SPOX: Das ist sicherlich alles richtig, aber Sie müssen mit viel Skepsis umgehen, daran ändern auch die Erfolge in Testspielen nichts. Die Mannschaft hat sich sportlich nicht für die WM qualifiziert und fährt ohne realistische Titelchance nach Katar.
Sigurdsson: Aber dieses Problem hat jede Nation, die nicht Frankreich, Dänemark, Spanien oder Kroatien heißt. Diese vier Länder haben in den letzten zehn Jahren das Geschehen dominiert. Das hat mit der Stärke des Kaders zu tun, aber auch viel mit Routine. Diese Mannschaften kennen das Gefühl, bei jedem Turnier bis zum Ende dabei zu sein. Diese Erfahrung fehlt uns. Mir wäre es auch lieber, wenn es schneller ginge, aber man kann diese Entwicklungsphase leider nicht überspringen, wir müssen uns das erarbeiten. Wir haben kein Nachwuchsproblem, das weiß jeder. Auch die Anschlussförderung ist gut, jeder Spieler hat die Möglichkeit, einen Verein zu finden, der zu ihm passt und bei dem er sich weiterentwickeln kann. Wir machen dort schon vieles richtig, in einigen Jahren wird das auch Früchte tragen.
SPOX: Was muss denn passieren, damit Sie nach der WM von einem erfolgreichen Turnier sprechen würden?
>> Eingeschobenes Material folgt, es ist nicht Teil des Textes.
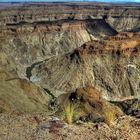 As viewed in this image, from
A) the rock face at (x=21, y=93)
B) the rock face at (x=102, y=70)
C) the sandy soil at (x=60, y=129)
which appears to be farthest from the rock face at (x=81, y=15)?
the sandy soil at (x=60, y=129)

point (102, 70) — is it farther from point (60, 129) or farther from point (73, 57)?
point (60, 129)

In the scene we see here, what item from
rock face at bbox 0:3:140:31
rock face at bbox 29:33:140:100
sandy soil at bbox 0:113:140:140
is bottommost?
rock face at bbox 0:3:140:31

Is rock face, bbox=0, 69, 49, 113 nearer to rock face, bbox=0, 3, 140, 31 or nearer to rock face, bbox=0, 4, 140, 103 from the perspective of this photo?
rock face, bbox=0, 4, 140, 103

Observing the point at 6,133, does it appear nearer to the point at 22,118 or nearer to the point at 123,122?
the point at 22,118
Sigurdsson: Unsere Gruppe ist wirklich sehr ausgeglichen, ein Tor hier und ein Tor da wird einen großen Unterschied ausmachen. Für mich ist entscheidend, dass unsere Gegner wieder Respekt vor uns bekommen. Die Handball-Welt soll sagen: Die Deutschen sind wieder da! Mit den Deutschen ist wieder zu rechnen. Das ist das Signal, das ich nach außen senden will. Wenn wir das schaffen, wäre es für mich eine sehr positive WM. Um das zu schaffen, müssen wir sehr stabil auftreten und dürfen keine großen Schwankungen in unserem Spiel haben, darauf wird es ankommen.
SPOX: Wie würden Sie generell Ihre Handball-Philosophie beschreiben?
Sigurdsson: Ich muss als Trainer in erster Linie schauen, dass die Spieler Waffen bekommen. Sie müssen ein Spielsystem bekommen, das zu ihnen passt und an das sie total glauben. Der Rest ist zum Großteil gute Vorbereitung. Vorbereitung und Routine. Wenn du öfter gegen eine offensive Deckung spielst, bekommst du mehr Routine darin. Wenn du öfter gegen eine defensive Deckung spielst, bekommst du mehr Routine darin. Wir müssen als Mannschaft eine Routine entwickeln, wie wir auch auf unerwartete Situationen besser reagieren können. Deshalb waren jetzt auch die Vorbereitung und die letzten Testspiele so wichtig, damit wir dort einen guten Schritt weiterkommen.
SPOX: Eine entscheidende Figur im DHB-Spiel ist Kapitän Uwe Gensheimer, der wohl beste Linksaußen der Welt momentan. Was erwarten Sie von Gensheimer?
Sigurdsson: Ich will es nicht beurteilen, ob Uwe der beste auf seiner Position ist, er ist ein sehr guter Spieler, keine Frage. Ich erwarte keine besonderen Dinge von ihm. Ich war selbst oft genug Kapitän und weiß, was wichtig ist. Es bringt nichts, wenn du als Kapitän versuchst, etwas vorzuspielen, was du gar nicht bist. Du musst authentisch sein. Uwe hat ein sehr gutes Standing in der Truppe und ist voll akzeptiert. Dafür muss er nicht großartige Reden schwingen. Was war bei den Fußballern das Gejammer groß, als Michael Ballack nicht mehr dabei war. Es würde keine Typen mehr geben. Jetzt sind sie Weltmeister geworden und plötzlich sind alle Riesentypen.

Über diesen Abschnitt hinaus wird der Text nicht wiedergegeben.